Cassatt is revered for her ability to express emotion, narrative and a personal intimacy in her portraiture, particularly in the private realm of women. In Woman Wearing Bonnet she captures her sitter in a moment of deep contemplation: the woman gazes downward to suggest solitude and despondency, yet allows Cassatt to quickly capture this personal moment and share it with the public. In André Mellerio's introduction to the catalogue of Cassatt's 1893 exhibition, he commented, "It has been rightly said that Miss Cassatt has never painted any women but those 'who have a serious soul.'" (as quoted in Mary Cassatt, p. 40) Nancy Mowll Mathews observes that Cassatt's "subjects [were] drawn from the world around [her] with an ironic eye, [and] displayed a fragile balance between the public and the private, discretion and indiscretion, beauty and ugliness. A rigid or uninformed viewer could easily be confused by the transient and shifting effects of this style and, with some justification, feel mocked by [this] sophisticated artist. However, Cassatt was intellectually nimble and prided herself on her own penetrating opinions on art and society. From her very first efforts to incorporate Impressionist devices into her work she was fascinated with the aesthetic power of a painting's successful balance of contradictory elements." (Mary Cassatt, p. 40)
Cassatt's artistic output changed dramatically as soon as she made the bold shift to Impressionism. Her works took on a more daring character and she developed her own unique style, infusing her gift of expressing the narrative, particularly from the female point of view, while mastering the Impressionist style of painting. The rich palette of Woman Wearing Bonnet and the vigorous brushstrokes, demonstrate Cassatt's sophistication and individuality within this movement. Cassatt's unique ability to capture fleeting yet poignant moments of everyday life established her as one of the leading painters of her day, her legacy a major influence on other female artists.
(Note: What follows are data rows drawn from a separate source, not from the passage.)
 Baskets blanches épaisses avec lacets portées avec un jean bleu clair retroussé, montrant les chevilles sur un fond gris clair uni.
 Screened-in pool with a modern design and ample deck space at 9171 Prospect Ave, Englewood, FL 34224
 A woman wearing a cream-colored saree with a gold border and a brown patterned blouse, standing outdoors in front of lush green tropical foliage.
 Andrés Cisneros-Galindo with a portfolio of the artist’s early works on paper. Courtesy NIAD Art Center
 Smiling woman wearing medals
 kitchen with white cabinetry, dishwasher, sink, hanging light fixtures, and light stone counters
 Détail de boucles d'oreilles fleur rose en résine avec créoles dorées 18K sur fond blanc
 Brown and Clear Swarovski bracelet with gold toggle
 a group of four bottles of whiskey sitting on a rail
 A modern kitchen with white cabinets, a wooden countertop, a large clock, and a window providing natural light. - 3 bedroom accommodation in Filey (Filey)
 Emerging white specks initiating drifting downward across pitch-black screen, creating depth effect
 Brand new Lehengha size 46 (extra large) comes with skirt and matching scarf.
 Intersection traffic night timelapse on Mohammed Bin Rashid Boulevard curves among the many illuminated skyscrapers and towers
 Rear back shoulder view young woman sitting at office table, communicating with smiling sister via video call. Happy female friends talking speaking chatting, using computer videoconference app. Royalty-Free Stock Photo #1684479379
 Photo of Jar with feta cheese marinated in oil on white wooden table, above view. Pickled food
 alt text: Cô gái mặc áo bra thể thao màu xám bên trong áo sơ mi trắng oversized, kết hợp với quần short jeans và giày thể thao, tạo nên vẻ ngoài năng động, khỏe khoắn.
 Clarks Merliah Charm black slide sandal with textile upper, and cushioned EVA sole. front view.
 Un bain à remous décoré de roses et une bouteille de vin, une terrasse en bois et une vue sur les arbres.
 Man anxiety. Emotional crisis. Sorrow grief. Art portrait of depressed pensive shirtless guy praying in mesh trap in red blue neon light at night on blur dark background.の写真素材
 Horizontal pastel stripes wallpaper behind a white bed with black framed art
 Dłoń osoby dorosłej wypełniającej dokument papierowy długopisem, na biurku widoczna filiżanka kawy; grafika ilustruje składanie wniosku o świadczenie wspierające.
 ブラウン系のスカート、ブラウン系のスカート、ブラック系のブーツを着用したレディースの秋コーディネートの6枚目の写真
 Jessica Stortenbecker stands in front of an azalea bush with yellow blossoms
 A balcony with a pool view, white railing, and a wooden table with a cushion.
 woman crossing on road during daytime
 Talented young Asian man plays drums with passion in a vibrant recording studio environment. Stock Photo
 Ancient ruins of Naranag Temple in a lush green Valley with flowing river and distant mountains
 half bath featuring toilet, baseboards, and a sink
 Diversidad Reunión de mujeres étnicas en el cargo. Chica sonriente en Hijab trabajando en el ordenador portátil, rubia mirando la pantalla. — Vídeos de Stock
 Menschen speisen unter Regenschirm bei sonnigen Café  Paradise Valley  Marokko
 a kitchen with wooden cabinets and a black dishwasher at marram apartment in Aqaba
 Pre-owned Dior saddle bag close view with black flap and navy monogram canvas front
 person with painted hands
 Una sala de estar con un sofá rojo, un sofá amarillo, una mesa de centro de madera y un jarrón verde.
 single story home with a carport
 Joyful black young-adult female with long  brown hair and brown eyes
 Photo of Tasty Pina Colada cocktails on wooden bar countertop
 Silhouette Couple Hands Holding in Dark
It has been said of Mary Cassatt that she is not only the greatest woman artist of the nineteenth century, but that she is also "worthy of consideration as the most significant American artist, male or female, of her generation." (A.S. Harris and L. Nochlin, Women Artists: 1550-1950, Los Angeles, California, 1976, p. 58)
This painting will be included in the Cassatt Committee's revision of Adelyn Dohme Breeskin's catalogue raisonné of the works of Mary Cassatt.